[Opening GIVEN RECORDS section]
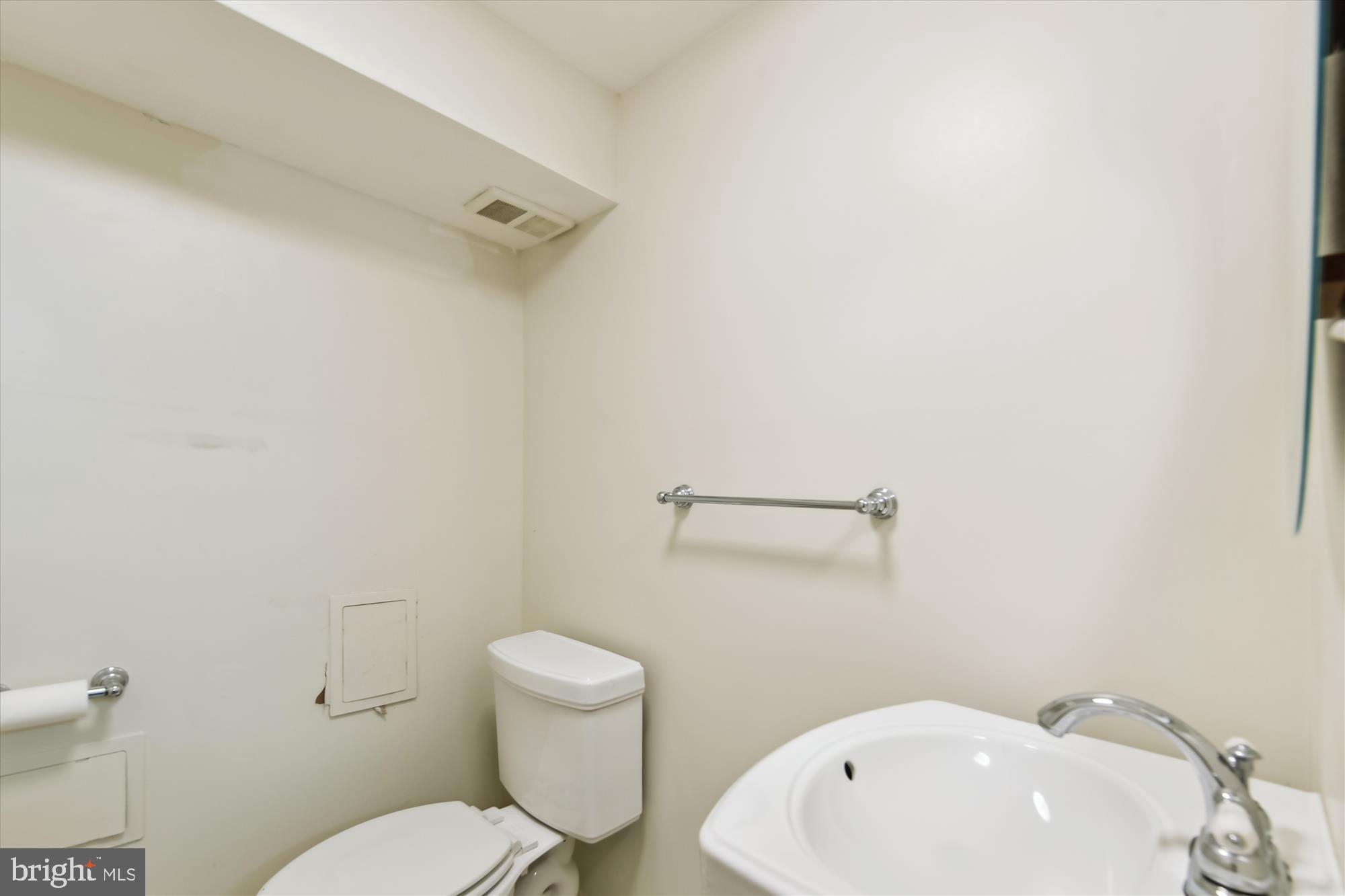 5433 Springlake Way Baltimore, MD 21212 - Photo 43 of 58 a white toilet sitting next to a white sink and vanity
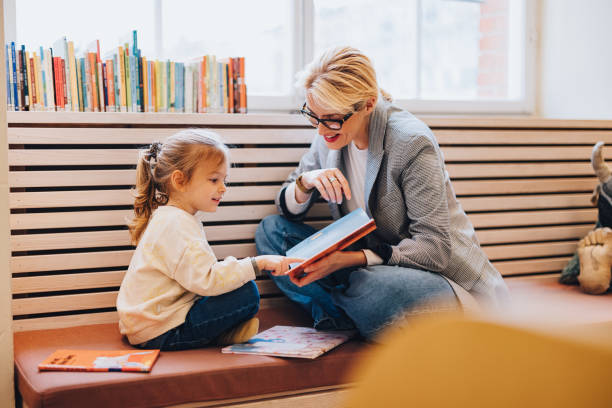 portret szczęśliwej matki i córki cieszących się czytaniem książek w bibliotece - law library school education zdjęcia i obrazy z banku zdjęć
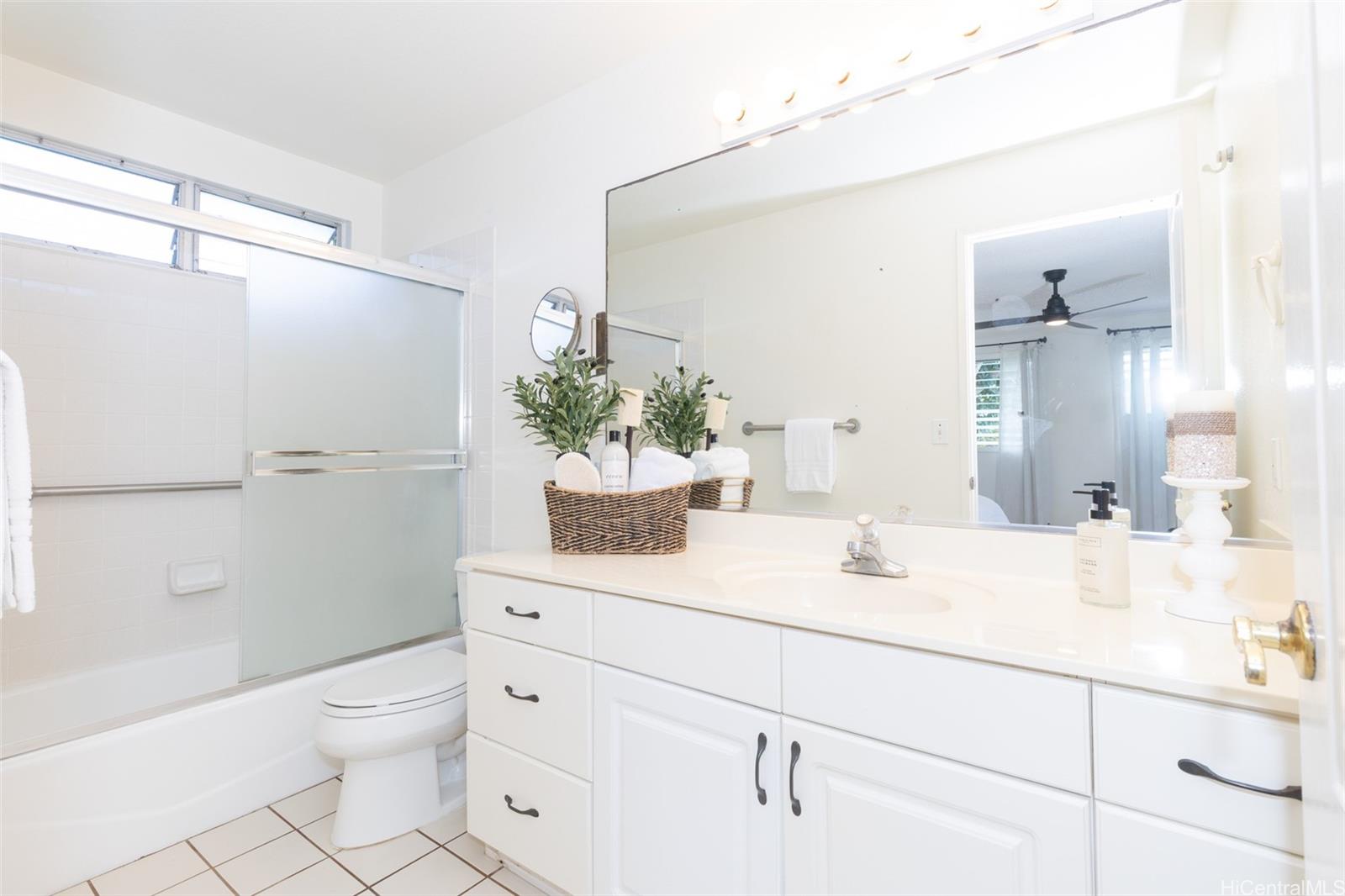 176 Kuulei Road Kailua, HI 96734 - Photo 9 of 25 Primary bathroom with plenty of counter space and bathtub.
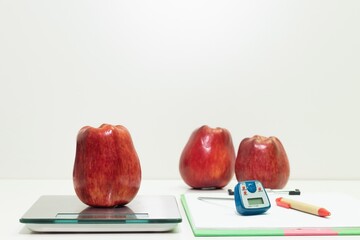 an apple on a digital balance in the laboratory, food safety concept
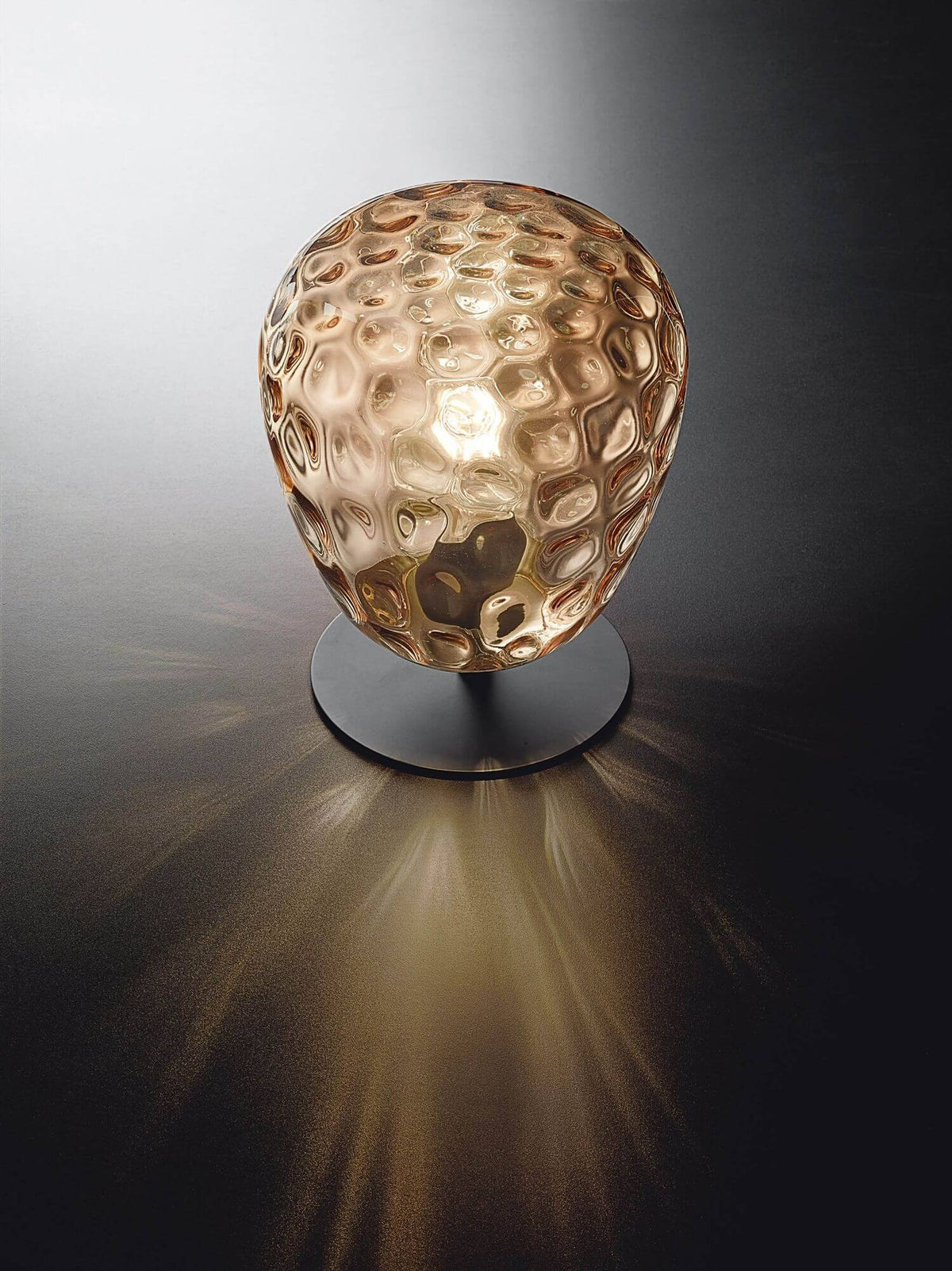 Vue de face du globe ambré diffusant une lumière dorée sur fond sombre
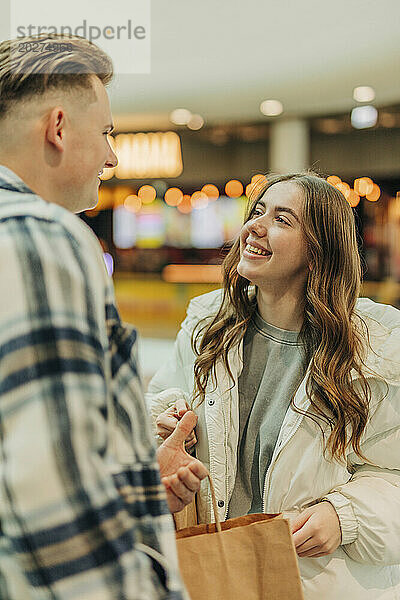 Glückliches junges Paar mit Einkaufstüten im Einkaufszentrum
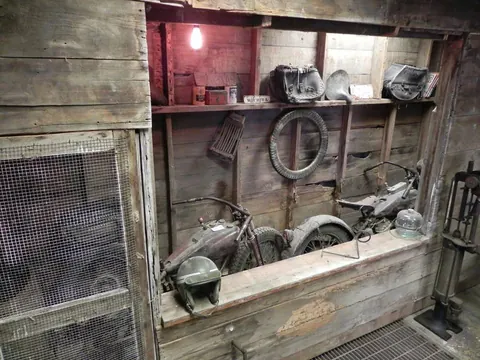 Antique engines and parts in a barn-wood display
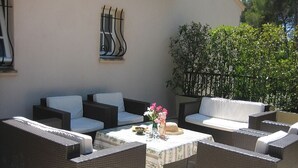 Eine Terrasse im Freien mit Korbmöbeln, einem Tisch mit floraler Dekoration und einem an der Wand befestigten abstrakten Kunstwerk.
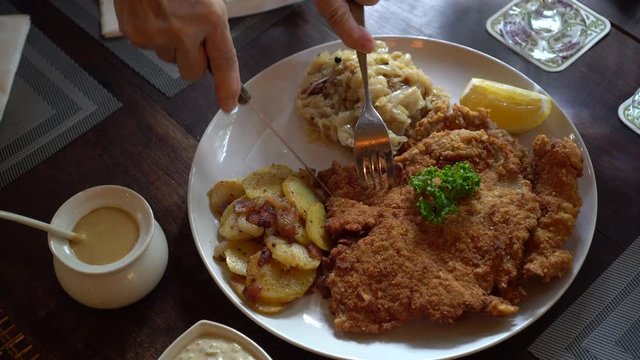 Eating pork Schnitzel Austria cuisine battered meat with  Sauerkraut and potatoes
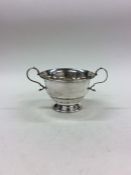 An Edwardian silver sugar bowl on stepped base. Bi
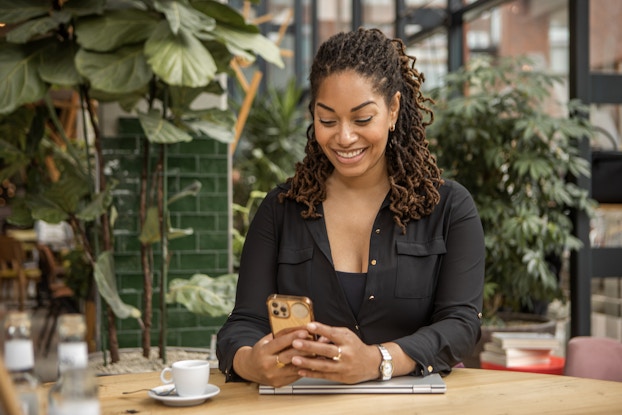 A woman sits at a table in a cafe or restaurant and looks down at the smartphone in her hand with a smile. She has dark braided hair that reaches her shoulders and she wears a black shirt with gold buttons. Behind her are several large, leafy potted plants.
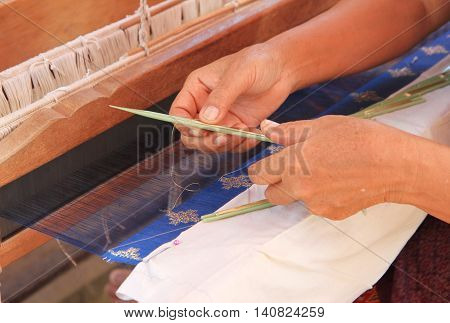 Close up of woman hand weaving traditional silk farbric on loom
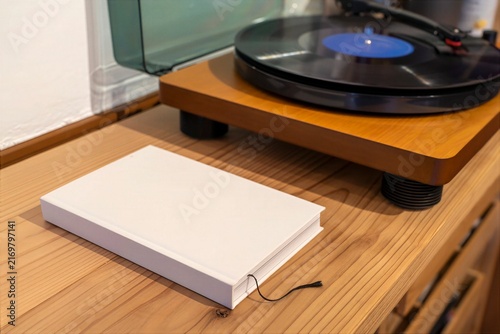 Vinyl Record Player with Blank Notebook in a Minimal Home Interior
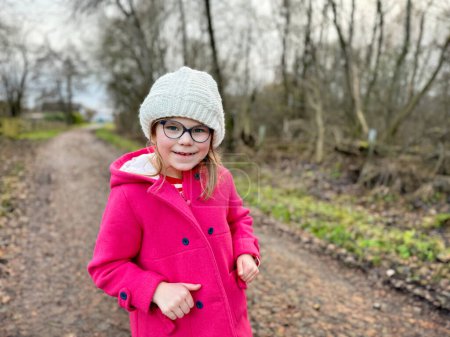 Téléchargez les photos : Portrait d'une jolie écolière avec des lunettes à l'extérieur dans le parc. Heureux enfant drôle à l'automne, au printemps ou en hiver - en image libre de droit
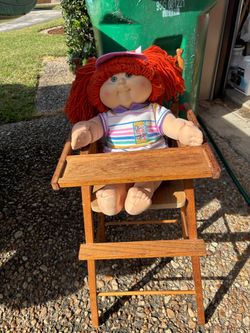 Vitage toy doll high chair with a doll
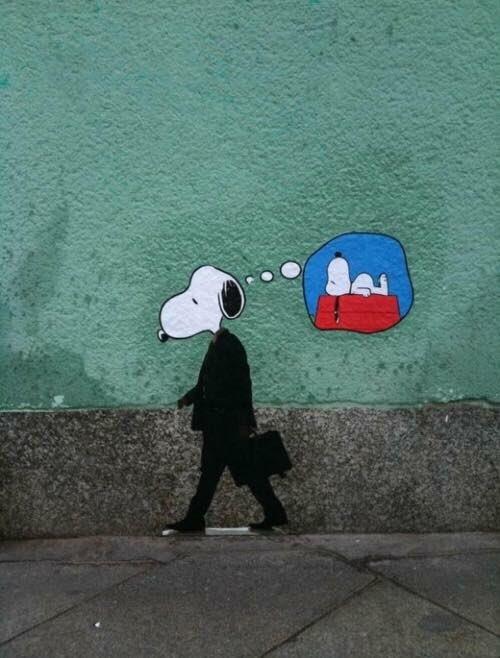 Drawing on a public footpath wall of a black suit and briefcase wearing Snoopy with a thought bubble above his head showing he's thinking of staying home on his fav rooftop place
[Closing GIVEN RECORDS section]
ACTIVITY: Transcribe exactly, please, the lines between the start of the records above and the line holding "An Edwardian silver", counting both of those lines and omitting pictures.

THE COMPLETED TASK:
 5433 Springlake Way Baltimore, MD 21212 - Photo 43 of 58 a white toilet sitting next to a white sink and vanity
 portret szczęśliwej matki i córki cieszących się czytaniem książek w bibliotece - law library school education zdjęcia i obrazy z banku zdjęć
 176 Kuulei Road Kailua, HI 96734 - Photo 9 of 25 Primary bathroom with plenty of counter space and bathtub.
 an apple on a digital balance in the laboratory, food safety concept
 Vue de face du globe ambré diffusant une lumière dorée sur fond sombre
 Glückliches junges Paar mit Einkaufstüten im Einkaufszentrum
 Antique engines and parts in a barn-wood display
 Eine Terrasse im Freien mit Korbmöbeln, einem Tisch mit floraler Dekoration und einem an der Wand befestigten abstrakten Kunstwerk.
 Eating pork Schnitzel Austria cuisine battered meat with  Sauerkraut and potatoes
 An Edwardian silver sugar bowl on stepped base. Bi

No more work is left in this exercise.